Drofd laughed up snot but Whirrun hardly seemed to notice. ‘This is the thing about war. Forces men to do new things with what they have. Forces them to think new ways. No war, no progress.’ He leaned back on one elbow. ‘War, d’you see, is like the plough that keeps the earth rich, like the fire that clears the fields, like—’

‘The shit that makes the flowers grow?’ asked Wonderful.

‘Exactly!’ Whirrun pointed at her sharply with his whole new thing and the cheese fell out into the unlit fire. Wonderful near fell over from laughing. Yon snorted so hard he blew bread out of his nose. Even Scorry stopped his singing to have a high chuckle. Craw laughed along, and it felt good. Felt like too long since the last time. Whirrun frowned at his two flapping slices of bread. ‘Don’t think I trapped it tight enough.’ And he shoved ’em in his mouth all at once and started rooting through the damp twigs for the cheese.

‘Union showed any sign of moving?’ asked Craw.

‘None that we’ve seen.’ Yon squinted up at the stains of brightness in the east. ‘Dawn’s on the march, though. Reckon we’ll see more soon.’

‘Best get Brack up,’ said Craw. ‘He’ll be pissy all day if he misses breakfast.’

‘Aye, Chief.’ And Drofd trotted off to where the hillman was sleeping.

Craw pointed down at the Father of Swords, short stretch of grey blade drawn. ‘Don’t it have to be blooded now?’

‘Maybe crumbs count,’ said Wonderful.

‘Alas, they don’t.’ Whirrun brushed the heel of his hand against its edge, then wiped it with his last bit of crust and slid the sword gently back into its scabbard. ‘Progress can be painful,’ he muttered, sucking the cut.

‘Chief?’ Far as Craw could tell in the gloom, and with Drofd’s hair blown across his face by the wind, the lad looked worried. ‘Don’t reckon Brack wants to get up.’

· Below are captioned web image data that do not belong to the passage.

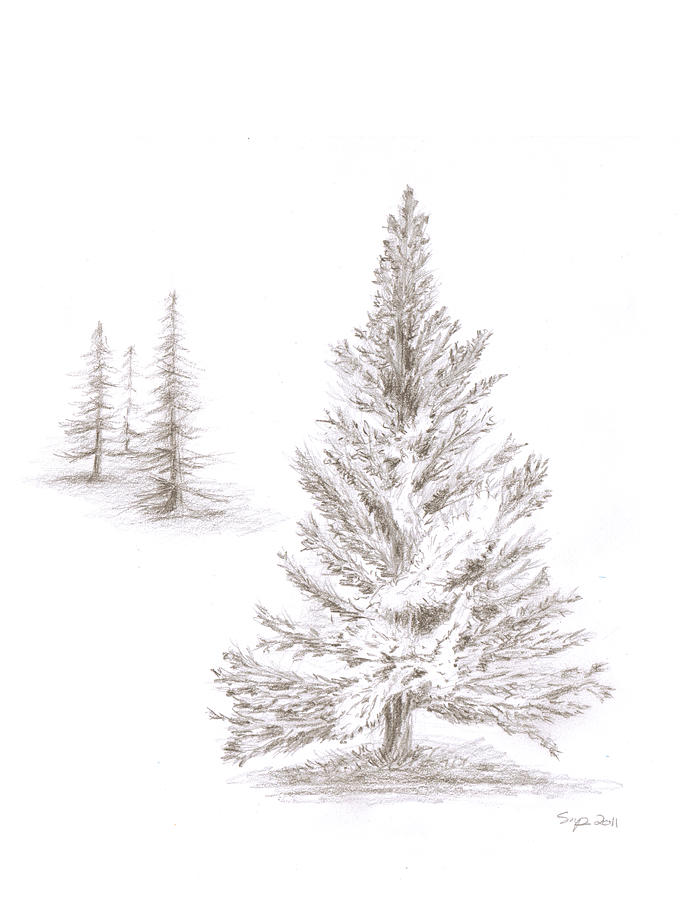 Pine Grove Drawing by Steven Powers SMP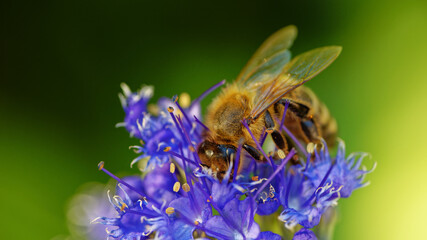Bee pollinating flower macro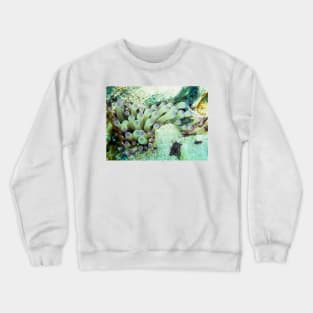 Purple Tipped Giant Sea Anemone and Cleaner Shrimp Crewneck Sweatshirt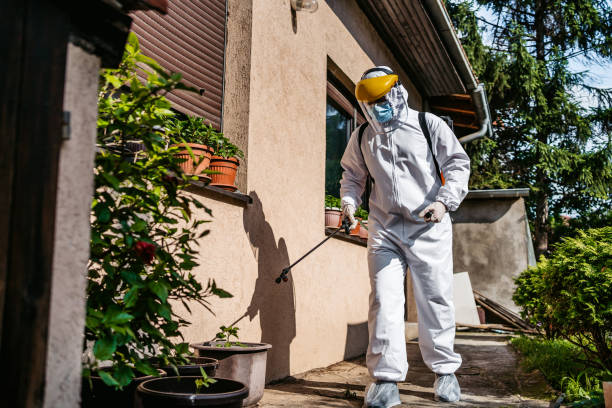 Best Affordable Pest Control Services  in Copper Canyon, TX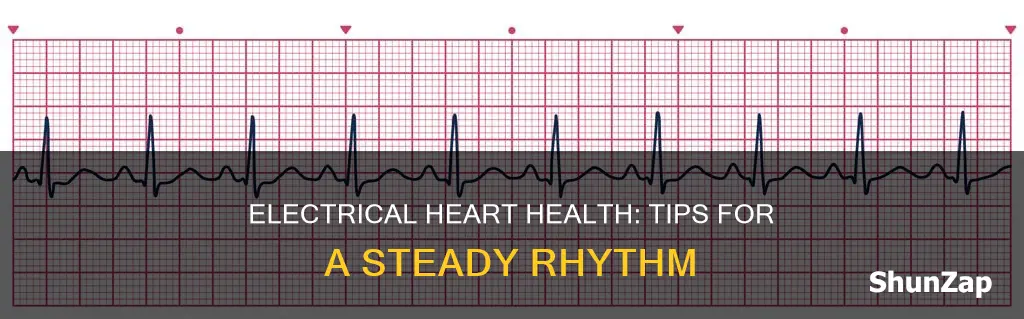 how to have healthy electrical heart rhythm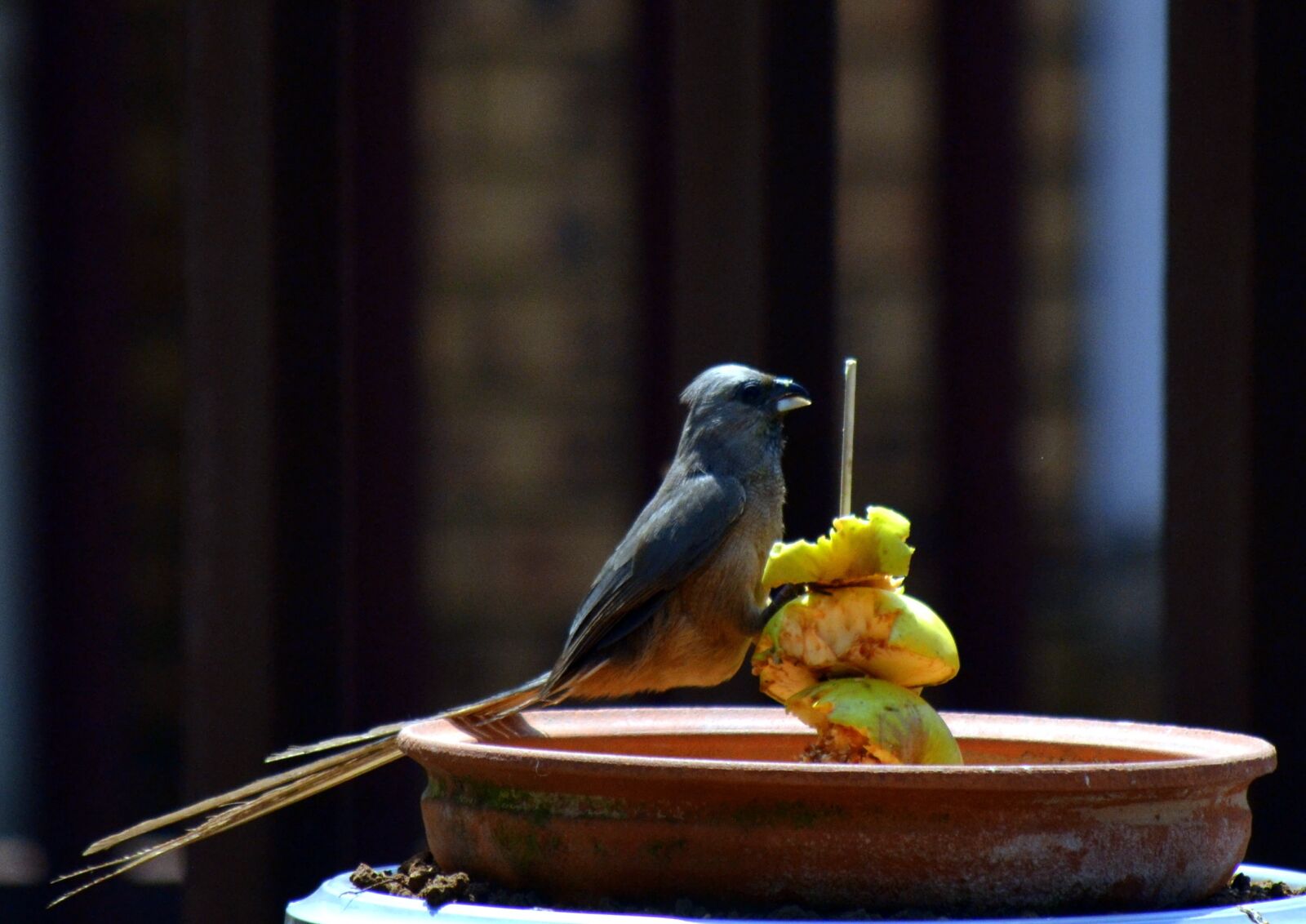 Nikon D3100 sample photo. Bird, sparrow, apple photography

‘We’ll see.’ Craw strode over to him, a big shape swaddled up on his side, shadow pooling in the folds of his blanket. ‘Brack.’ He poked him with the toe of his boot. ‘Brack?’ The tattooed side of Brack’s face was all beaded with dew. Craw put his hand on it. Cold. Didn’t feel like a person at all. Meat and hair, like Whirrun said.

‘Up you get, Brack, you fat hog,’ snapped Wonderful. ‘Before Yon eats all your—’

‘Brack’s dead,’ said Craw.

*

 

Finree could not have said how long she had been awake, sitting on her travelling chest at the window with her arms resting on the cold sill and her chin resting on her wrists. Long enough to watch the ragged line of the fells to the north become distinct from the sky, for the quick-flowing river to emerge glittering from the mist, for the forests to the east to take on the faintest texture. Now, if she squinted, she could pick out the jagged top of the fence around Osrung, a light twinkling at the window of a single tower. In the few hundred strides of black farmland between her and the town a ragged curve of flickering torches marked out the Union positions.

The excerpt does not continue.